Audit Account Logon Events, Client IP address incorrect?

G

Guest

Hi,

We recently set up an audit policy to audit failed account logon events for
our domain controllers. If I look at the logs, I can see Event ID 675 for
the failed logons. However, when I look at the detail, the Client IP address
does not have the address of the client, but instead the IP of one of the
domain controllers (and often not even the closest DC). For example, I
deliberately entered a bad password to log onto a client at IP address
192.168.22.126. The Security log on the local DC showed Event ID 675 for the
userID I used, but the Client IP address shows as 192.168.7.17 which is a DC
at a remote location.

Can anyone help me understand why this is happening?

Thanks so much!
 
H

Herb Martin

Lori said:
Hi,

We recently set up an audit policy to audit failed account logon events for
our domain controllers.

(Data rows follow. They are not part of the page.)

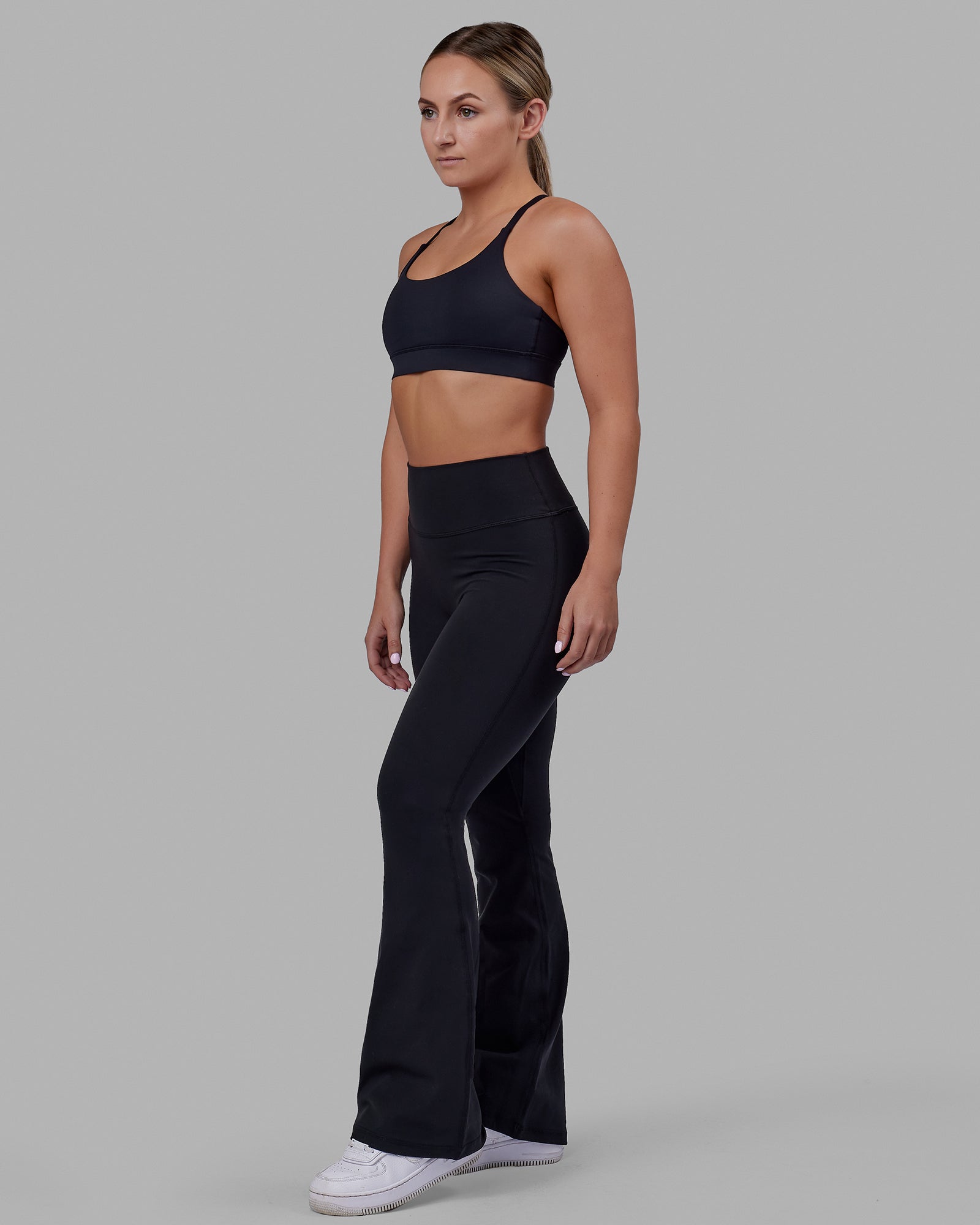 Woman wearing Fusion Ultra High-Rise Flared Petite Legging - Black| Model:Gracie | Size:S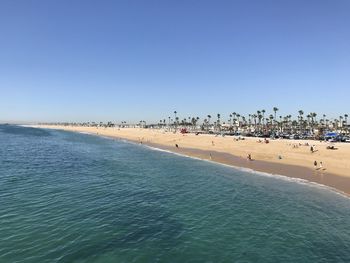 Group of people on beach against clear blue sky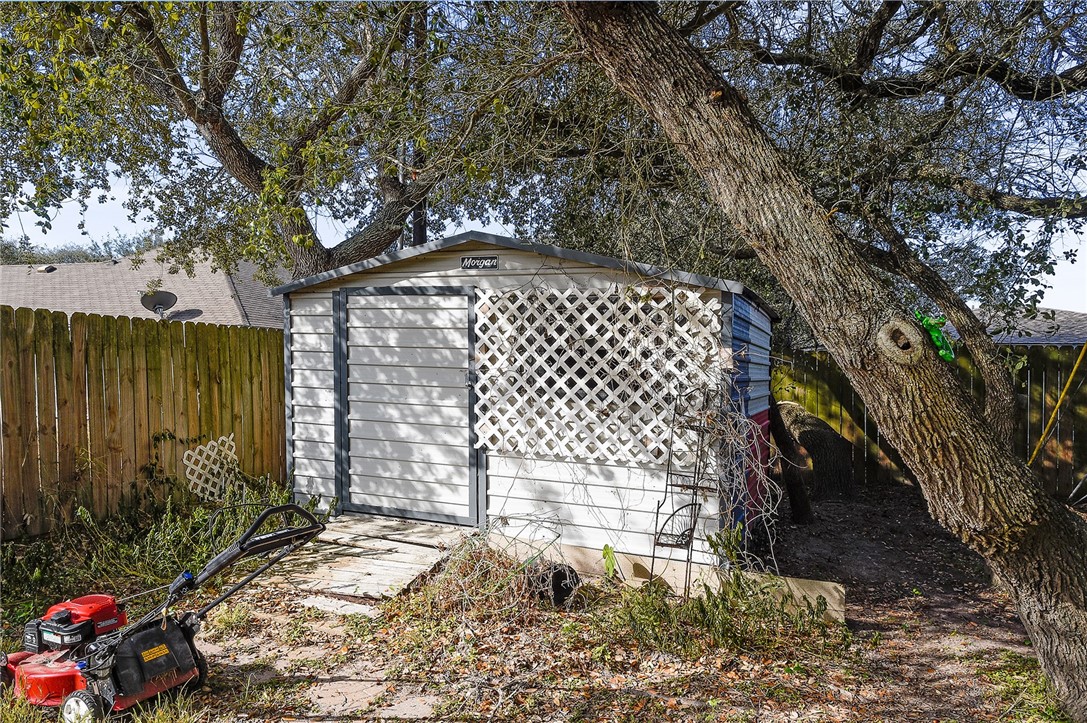 2101 Capeheart Street Ingleside, TX 78362 - Photo 35 of 39 a front view of a house with a yard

If I look at the logs, I can see Event ID 675 for
the failed logons. However, when I look at the detail, the Client IP address
does not have the address of the client, but instead the IP of one of the
domain controllers (and often not even the closest DC). For example, I
deliberately entered a bad password to log onto a client at IP address
192.168.22.126. The Security log on the local DC showed Event ID 675 for the
userID I used, but the Client IP address shows as 192.168.7.17 which is a DC
at a remote location.

Can anyone help me understand why this is happening?

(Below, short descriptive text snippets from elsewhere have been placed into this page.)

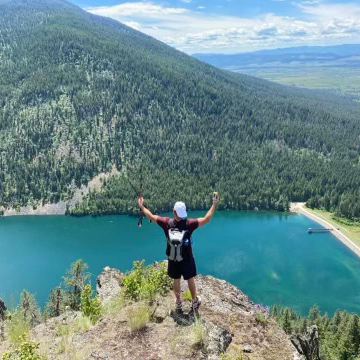 Joseph Lavalle standing on a cliff after hiking looking over a body of water.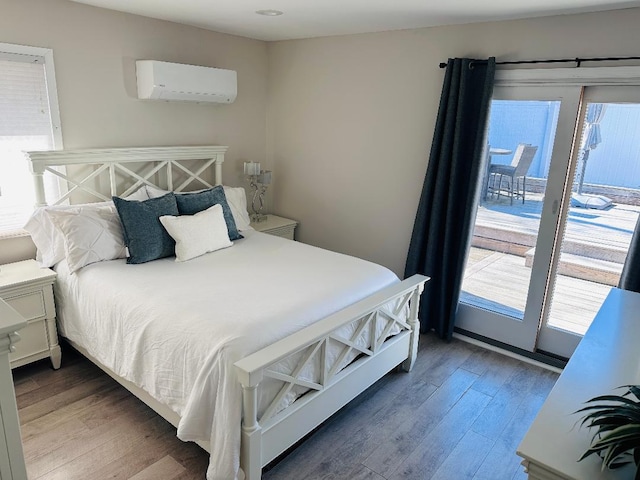 bedroom with multiple windows, a wall mounted air conditioner, and wood finished floors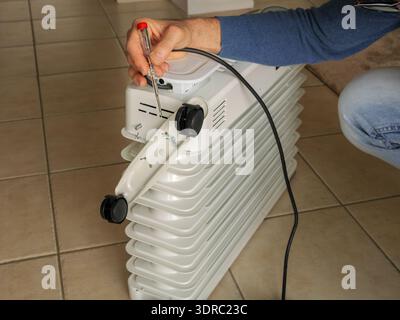 Close-up of man installing wheels on electric oil-filled heater. Home repair and heating system setup concept, solving heating issues during winter. Stock Photo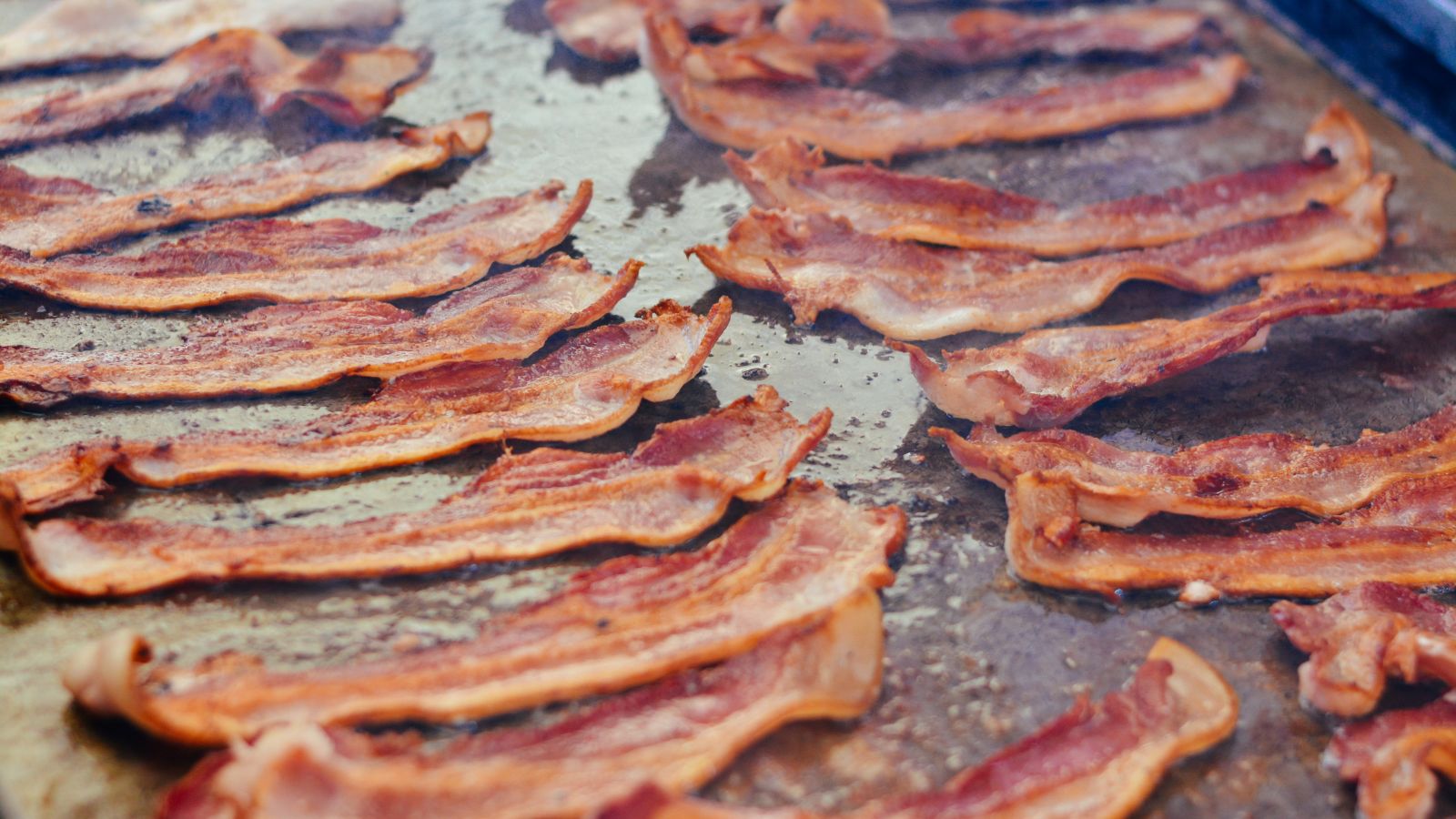 Strips of crispy bacon cooking on a large griddle surface.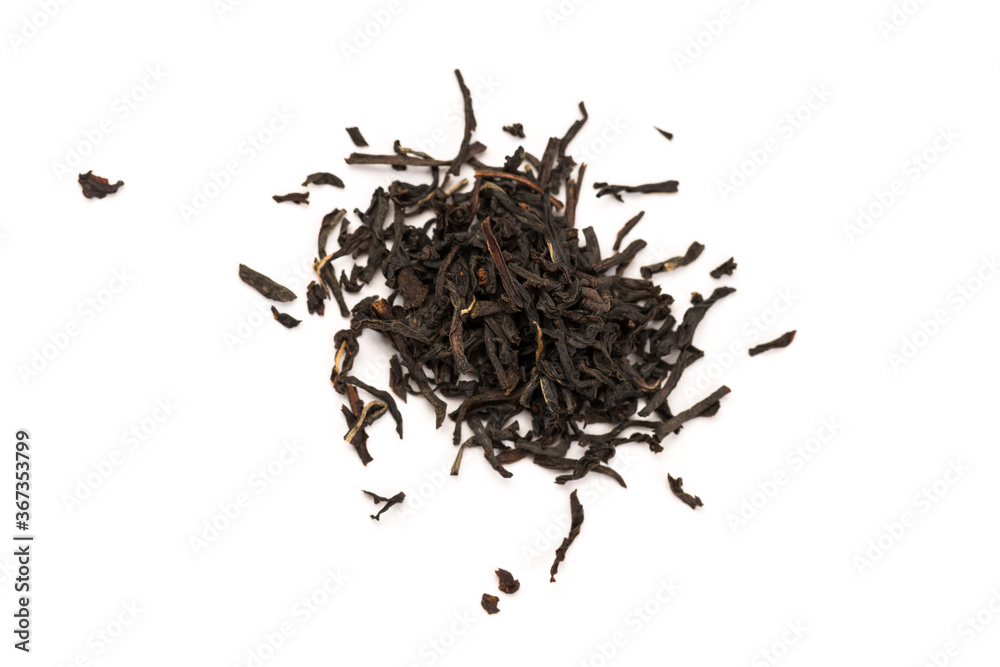 Fototapeta premium Leaves of black premium dry tea on a white background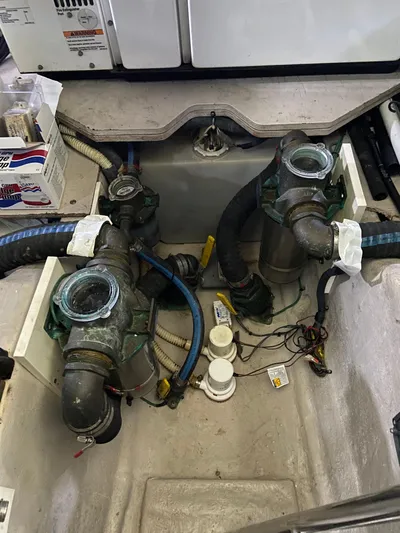 Dream Chaser Yacht Photos Pics Engine compartment of a 2008 Sea Ray 47 Sedan Bridge with visible hoses and components.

Probably because historically logon might happen over
any supported network protocol so these events never
included the IP address (it might not even have been IP.)

It is sort of silly these days, but it's one of those things
(I believe) the developers know needs improving.

When I have a bad logon attempt, I would much prefer
to know the IP address of the offender -- if he's on my
network I can find him with that but if he is NOT on
my network I have no chance of finding him by NetBIOS
name or some other irrelevant information.
 
G

Guest

Thanks Herb! Now I at least have an explanation for the "powers that be"
when they look at the logs.

Lori
 
H

Herb Martin

Lori said:
Thanks Herb! Now I at least have an explanation for the "powers that be"
when they look at the logs.

The next step is to run an IDS (Intrusion Detection
System) but that is a LOT of work UNLESS you will
actively read and use the logs.

I hope someone will pipe in here and suggest a way
to match Snort (a free IDS) logs with Windows logs.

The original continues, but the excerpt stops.